- [Excerpted data]
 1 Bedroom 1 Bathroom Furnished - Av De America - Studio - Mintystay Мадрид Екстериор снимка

==

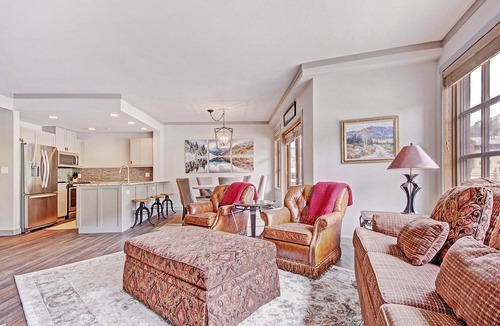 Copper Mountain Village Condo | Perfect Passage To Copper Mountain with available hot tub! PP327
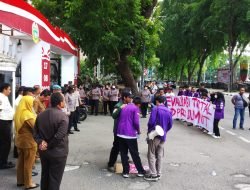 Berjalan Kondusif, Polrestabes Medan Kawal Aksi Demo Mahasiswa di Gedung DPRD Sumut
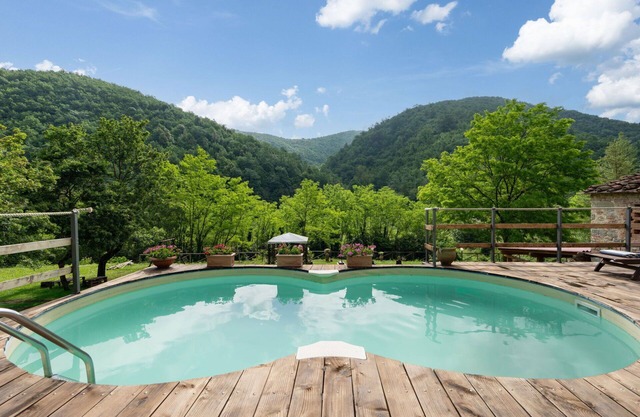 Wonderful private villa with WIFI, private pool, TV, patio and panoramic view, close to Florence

==

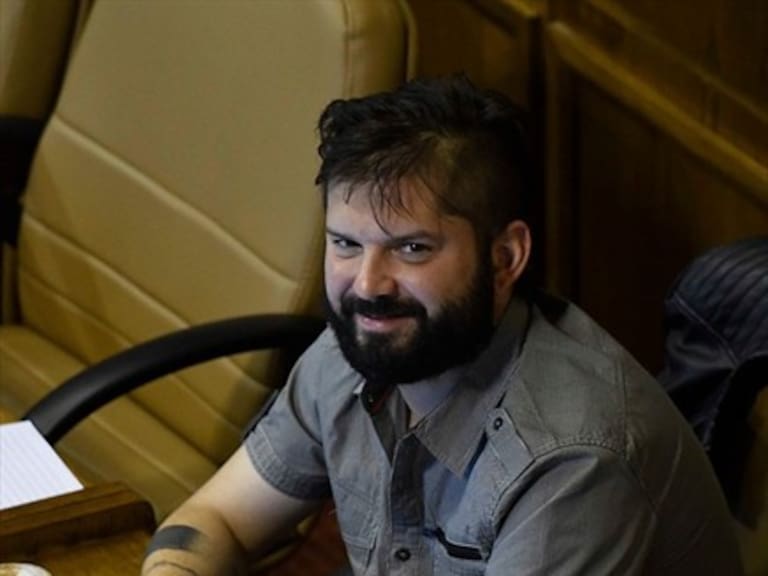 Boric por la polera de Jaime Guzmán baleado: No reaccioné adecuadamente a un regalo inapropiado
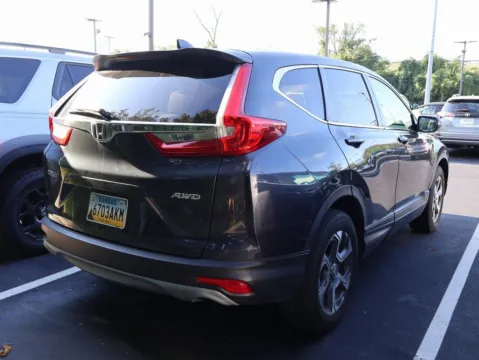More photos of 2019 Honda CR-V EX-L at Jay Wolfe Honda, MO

- [Work to be completed]
Please set down, exactly and with no pictures, the lines in the entries above starting at the one holding "Berjalan Kondusif, Polrestabes" and ending at the one holding "Wonderful private villa", ends included.

- [Reply]
 Berjalan Kondusif, Polrestabes Medan Kawal Aksi Demo Mahasiswa di Gedung DPRD Sumut
 Wonderful private villa with WIFI, private pool, TV, patio and panoramic view, close to Florence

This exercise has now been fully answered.